Alasan utama mengapa aku mendapat julukan itu adalah karena kapten divisi ketiga, kapten Zehel adalah kapten pertama dalam sejarah yang mengajukan permintaan untuk merekrut anggota ke divisinya sendiri.

Perpindahan anggota ke divisi lain biasanya melalui promosi setelah evaluasi menyeluruh mengenai kinerja anggota tsb. Selama ini belum pernah ada satupun anggota yang dipindahkan karena permintaan, karena itu aku menjadi sorotan.

Hari pertama aku tiba di kantor divisi ketiga adalah hari terburuk dalam sejarah hidupku.

Aku datang dengan kereta, ketika sampai di stasiun aku mendapati tak ada satupun anggota divisi ketiga yang datang menjemputku, biasanya ada 2-3 anggota yang akan datang walaupun hanya sebagai formalitas. Sebelumnya ketika aku baru dipromosikan ke divisi keempat, ada 3 anggota yang datang untuk menjemputku.

Hal itu sudah menjadi semacam peraturan tidak tertulis di organisasi kami. Apakah karena aku naik ke divisi ketiga tanpa promosi? Karena itu mereka tidak menerima kehadiranku?

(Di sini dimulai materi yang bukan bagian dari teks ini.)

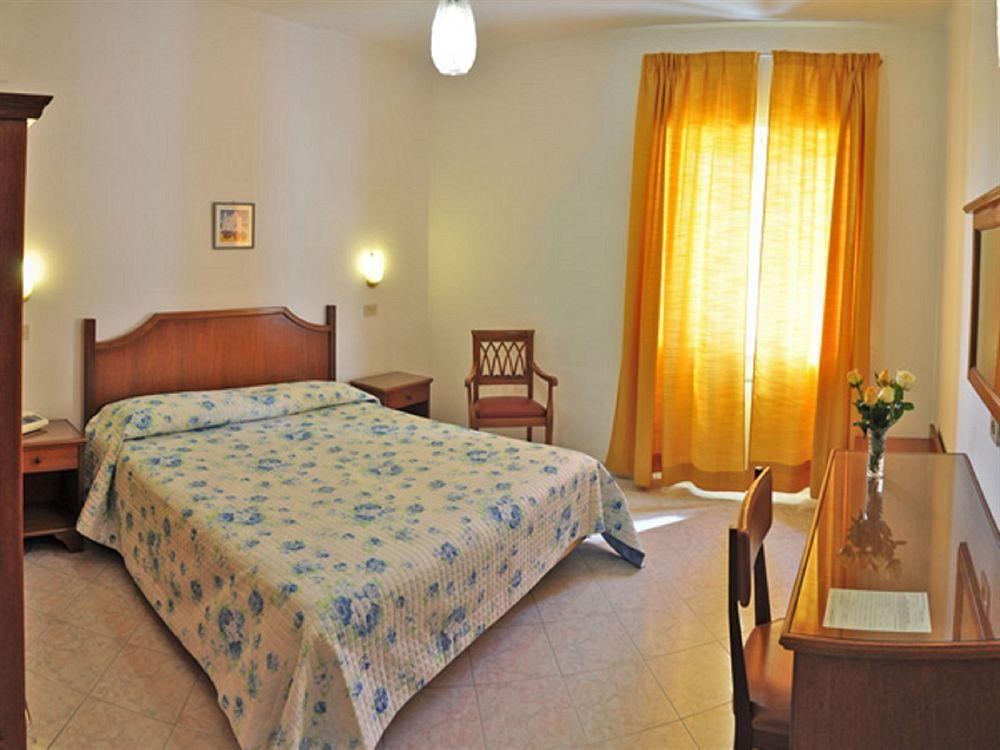 Hotel Maronti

"Rigyna.. benar?" terdengar suara seorang pria dari belakang punggungku. Aku berbalik dan mendapati seorang pria jangkung tersenyum padaku. Di pulau yang terkenal akan panas matahari tropisnya, ia punya kulit yang diluar dugaan sangat putih, seolah bersinar, sangat kontras dengan rambut hitam yang berbias kebiruannya. Parasnya sangat indah, hingga membuatku menahan nafas.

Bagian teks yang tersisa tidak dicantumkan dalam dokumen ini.